Student Loans: What is the difference between Deferment and Forbearance?

Let’s start off with the similarities between deferment and forbearance. With both of these options, you’re not paying your student loans for a specific time period. The biggest difference between them is that forbearance typically accrues interest and deferment typically does NOT accrue interest.


Deferment means that for a period of time you’re not paying the loan, principal, or the interest back on your loans. The reason why someone would choose to go this route is that they might still be in school, active duty military, are dealing with financial hardship. In deferment, interest generally does not accrue.

FAFSA defines it as: A deferment is a temporary postponement of payment on a loan that is allowed under certain conditions and during which interest generally does not accrue on Direct Subsidized Loans, the subsidized portion of Direct Consolidation Loans, Subsidized Federal Stafford Loans, the subsidized portion of FFEL Consolidation Loans, and Federal Perkins Loans. All other federal student loans that are deferred will continue to accrue interest.


People typically go the forbearance route when deferment is not an option. The reason why people might go the forbearance route is that they might be going through financial hardship. With forbearance, you will still be expected to pay the interest that is being accrued on the student loans while they are on pause.

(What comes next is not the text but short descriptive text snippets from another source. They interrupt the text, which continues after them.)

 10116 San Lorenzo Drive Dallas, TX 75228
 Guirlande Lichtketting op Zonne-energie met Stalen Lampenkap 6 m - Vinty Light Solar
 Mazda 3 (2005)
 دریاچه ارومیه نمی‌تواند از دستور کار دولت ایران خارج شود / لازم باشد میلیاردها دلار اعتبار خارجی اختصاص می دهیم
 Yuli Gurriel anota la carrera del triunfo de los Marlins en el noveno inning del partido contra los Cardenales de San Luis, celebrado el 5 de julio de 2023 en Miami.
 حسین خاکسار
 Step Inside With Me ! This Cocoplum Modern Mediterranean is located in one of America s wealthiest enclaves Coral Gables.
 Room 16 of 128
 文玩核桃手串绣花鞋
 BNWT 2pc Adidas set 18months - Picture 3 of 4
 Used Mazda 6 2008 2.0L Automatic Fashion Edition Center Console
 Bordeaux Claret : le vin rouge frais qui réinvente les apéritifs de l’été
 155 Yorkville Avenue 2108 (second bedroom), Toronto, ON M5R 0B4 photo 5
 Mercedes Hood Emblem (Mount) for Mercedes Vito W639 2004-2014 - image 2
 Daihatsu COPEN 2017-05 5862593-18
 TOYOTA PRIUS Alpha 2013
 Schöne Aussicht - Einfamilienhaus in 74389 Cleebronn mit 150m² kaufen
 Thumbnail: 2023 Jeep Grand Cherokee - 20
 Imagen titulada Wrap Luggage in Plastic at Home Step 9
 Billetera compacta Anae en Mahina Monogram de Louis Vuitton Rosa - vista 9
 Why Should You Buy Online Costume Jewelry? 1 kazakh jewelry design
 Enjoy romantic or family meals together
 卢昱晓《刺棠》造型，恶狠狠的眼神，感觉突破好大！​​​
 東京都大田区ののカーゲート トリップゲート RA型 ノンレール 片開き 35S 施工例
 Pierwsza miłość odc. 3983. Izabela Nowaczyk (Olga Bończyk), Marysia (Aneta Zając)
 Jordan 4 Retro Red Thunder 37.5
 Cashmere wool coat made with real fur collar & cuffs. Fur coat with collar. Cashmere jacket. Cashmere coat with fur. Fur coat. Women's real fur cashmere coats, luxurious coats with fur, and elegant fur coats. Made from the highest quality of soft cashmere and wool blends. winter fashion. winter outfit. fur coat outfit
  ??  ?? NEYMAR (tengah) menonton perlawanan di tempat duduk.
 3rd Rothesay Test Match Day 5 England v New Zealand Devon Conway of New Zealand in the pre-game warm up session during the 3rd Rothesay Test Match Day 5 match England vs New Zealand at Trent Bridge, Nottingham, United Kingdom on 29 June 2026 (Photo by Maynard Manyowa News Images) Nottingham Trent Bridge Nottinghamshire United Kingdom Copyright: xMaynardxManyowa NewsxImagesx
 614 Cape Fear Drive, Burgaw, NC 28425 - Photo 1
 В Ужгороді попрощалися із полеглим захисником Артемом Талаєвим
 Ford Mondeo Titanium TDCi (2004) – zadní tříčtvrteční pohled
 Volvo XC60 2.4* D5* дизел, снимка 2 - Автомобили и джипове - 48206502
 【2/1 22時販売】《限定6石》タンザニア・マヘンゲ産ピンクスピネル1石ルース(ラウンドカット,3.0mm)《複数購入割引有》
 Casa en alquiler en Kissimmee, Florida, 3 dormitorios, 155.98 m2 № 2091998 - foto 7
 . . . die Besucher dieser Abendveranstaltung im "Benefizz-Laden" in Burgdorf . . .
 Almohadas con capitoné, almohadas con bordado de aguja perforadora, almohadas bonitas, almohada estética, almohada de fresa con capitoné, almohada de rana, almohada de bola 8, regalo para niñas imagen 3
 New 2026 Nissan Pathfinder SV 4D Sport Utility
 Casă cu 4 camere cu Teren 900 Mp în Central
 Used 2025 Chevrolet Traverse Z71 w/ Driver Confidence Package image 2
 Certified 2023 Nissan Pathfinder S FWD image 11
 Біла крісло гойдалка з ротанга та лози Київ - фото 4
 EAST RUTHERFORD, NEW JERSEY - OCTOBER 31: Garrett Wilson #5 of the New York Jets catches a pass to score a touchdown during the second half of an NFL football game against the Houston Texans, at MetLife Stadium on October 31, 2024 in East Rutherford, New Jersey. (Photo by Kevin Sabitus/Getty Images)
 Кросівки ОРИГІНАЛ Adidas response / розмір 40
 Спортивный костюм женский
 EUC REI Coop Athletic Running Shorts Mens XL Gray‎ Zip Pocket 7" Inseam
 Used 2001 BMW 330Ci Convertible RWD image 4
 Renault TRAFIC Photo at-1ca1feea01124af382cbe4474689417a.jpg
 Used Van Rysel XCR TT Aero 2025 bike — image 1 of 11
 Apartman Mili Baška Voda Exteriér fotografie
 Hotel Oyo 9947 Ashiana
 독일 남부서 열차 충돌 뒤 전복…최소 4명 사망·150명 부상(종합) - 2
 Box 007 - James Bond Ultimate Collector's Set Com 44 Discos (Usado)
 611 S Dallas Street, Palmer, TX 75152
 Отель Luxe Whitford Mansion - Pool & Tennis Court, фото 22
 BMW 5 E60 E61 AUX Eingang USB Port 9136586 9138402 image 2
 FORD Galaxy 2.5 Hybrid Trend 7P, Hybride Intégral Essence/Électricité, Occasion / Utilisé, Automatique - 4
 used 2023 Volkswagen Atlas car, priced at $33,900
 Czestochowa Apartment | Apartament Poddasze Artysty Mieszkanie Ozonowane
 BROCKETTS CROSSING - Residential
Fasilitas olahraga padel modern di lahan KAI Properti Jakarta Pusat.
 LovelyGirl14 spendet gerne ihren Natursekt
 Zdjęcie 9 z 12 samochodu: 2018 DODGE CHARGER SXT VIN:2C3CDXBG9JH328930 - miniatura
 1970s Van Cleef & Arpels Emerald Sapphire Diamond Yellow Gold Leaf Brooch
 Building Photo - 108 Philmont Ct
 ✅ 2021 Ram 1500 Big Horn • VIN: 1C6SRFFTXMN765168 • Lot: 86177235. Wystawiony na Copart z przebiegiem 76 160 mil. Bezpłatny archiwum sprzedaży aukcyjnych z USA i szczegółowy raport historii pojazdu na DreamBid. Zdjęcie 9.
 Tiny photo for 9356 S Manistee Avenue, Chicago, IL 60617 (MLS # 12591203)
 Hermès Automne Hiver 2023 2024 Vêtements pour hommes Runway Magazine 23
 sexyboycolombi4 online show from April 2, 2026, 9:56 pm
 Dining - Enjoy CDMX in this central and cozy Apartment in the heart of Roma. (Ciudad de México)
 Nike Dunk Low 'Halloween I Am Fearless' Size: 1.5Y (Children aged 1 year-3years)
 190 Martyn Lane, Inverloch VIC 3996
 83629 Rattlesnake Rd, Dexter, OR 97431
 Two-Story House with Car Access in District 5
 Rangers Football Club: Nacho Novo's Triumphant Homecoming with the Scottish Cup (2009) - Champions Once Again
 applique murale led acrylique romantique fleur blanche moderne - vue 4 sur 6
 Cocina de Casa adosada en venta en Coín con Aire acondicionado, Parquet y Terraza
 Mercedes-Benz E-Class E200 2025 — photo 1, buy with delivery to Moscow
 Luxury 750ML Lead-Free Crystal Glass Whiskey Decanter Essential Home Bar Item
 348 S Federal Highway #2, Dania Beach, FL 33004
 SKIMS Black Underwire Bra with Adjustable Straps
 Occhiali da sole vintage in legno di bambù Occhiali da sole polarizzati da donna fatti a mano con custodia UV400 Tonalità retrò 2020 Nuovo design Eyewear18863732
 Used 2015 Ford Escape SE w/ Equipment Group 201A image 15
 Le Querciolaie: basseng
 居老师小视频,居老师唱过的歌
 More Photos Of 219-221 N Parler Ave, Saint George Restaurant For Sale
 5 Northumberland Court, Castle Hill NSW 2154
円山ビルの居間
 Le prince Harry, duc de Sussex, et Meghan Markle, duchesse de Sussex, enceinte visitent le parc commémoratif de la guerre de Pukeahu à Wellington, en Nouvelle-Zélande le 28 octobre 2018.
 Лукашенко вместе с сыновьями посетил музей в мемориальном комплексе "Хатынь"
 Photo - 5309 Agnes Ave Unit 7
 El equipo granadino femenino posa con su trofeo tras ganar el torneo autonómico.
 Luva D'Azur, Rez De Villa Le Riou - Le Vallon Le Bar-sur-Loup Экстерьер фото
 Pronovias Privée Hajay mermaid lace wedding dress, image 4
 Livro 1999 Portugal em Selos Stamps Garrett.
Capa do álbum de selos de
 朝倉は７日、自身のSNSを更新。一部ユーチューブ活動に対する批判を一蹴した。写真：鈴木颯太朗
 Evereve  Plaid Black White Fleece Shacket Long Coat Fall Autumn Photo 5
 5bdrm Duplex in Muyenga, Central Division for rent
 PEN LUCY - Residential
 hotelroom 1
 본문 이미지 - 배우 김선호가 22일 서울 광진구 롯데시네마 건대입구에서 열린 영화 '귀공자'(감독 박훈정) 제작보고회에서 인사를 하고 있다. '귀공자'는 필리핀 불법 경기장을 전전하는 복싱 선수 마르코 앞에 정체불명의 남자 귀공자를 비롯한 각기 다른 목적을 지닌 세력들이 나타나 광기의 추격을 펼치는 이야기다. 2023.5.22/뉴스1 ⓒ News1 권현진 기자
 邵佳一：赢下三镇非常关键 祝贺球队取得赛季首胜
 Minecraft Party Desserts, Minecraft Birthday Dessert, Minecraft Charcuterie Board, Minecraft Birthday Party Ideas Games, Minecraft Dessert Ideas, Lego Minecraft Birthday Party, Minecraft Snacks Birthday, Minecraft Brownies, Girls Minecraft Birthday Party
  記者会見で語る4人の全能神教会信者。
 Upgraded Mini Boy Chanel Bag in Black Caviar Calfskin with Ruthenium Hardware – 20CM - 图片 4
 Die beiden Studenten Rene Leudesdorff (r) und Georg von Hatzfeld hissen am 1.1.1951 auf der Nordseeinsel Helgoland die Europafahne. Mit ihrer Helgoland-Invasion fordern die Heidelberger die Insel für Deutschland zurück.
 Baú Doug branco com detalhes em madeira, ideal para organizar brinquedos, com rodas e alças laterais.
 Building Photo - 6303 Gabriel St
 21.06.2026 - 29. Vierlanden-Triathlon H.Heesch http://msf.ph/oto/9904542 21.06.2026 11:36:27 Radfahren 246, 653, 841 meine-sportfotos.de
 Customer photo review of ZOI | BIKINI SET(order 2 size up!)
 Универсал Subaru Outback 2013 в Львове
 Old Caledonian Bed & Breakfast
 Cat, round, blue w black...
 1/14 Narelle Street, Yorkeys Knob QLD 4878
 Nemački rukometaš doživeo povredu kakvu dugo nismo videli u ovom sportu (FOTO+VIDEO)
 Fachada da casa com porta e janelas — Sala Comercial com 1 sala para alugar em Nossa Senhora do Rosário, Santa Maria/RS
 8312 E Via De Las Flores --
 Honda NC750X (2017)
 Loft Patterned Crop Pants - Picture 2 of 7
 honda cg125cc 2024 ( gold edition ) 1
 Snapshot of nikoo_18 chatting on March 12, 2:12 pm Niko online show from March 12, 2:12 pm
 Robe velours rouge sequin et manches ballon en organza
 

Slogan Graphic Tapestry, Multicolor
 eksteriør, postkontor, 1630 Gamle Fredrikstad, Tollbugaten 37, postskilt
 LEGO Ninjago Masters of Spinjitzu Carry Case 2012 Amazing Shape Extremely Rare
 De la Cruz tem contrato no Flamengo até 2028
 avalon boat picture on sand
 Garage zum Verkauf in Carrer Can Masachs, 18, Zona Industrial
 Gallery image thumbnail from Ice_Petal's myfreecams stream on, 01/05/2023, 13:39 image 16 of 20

FAFSA defines it as: A forbearance allows you to temporarily stop making your monthly student loan payments or temporarily make smaller payments. Some forbearances are required to be granted by your federal loan servicer; others are offered only at the discretion of your federal loan servicer. Interest is charged on all loan types during a forbearance. You usually will not be making progress toward forgiveness or paying back your loan. If you don’t pay interest during forbearance, it may be capitalized (added to your principal balance), and the amount you pay in the future will be higher.